Give the number of lines below that hold the string "Shirt", and nothing more.

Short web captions
============================================================
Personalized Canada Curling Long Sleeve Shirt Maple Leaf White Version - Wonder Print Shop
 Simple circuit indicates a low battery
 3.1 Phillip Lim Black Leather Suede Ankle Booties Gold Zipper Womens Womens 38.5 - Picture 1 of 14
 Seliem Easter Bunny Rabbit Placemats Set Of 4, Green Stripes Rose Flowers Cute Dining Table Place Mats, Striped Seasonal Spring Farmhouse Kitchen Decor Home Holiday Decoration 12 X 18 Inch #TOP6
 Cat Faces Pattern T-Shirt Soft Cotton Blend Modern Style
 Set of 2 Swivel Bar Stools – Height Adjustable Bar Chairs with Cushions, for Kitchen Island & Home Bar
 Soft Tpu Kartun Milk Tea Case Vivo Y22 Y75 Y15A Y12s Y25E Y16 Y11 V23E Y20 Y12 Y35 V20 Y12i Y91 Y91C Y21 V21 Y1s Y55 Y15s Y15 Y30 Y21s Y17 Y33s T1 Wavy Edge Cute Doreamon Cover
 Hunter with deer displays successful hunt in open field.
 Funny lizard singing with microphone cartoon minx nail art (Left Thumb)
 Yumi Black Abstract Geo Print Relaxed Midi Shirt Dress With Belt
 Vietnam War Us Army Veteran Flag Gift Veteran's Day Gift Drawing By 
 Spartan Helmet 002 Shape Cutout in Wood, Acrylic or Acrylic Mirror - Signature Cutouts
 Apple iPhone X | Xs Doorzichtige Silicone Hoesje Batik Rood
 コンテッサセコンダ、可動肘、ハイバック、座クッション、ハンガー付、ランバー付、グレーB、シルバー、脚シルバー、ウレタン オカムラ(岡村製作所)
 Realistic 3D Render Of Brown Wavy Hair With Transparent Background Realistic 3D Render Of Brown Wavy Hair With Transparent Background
============================================================
Expected output: 3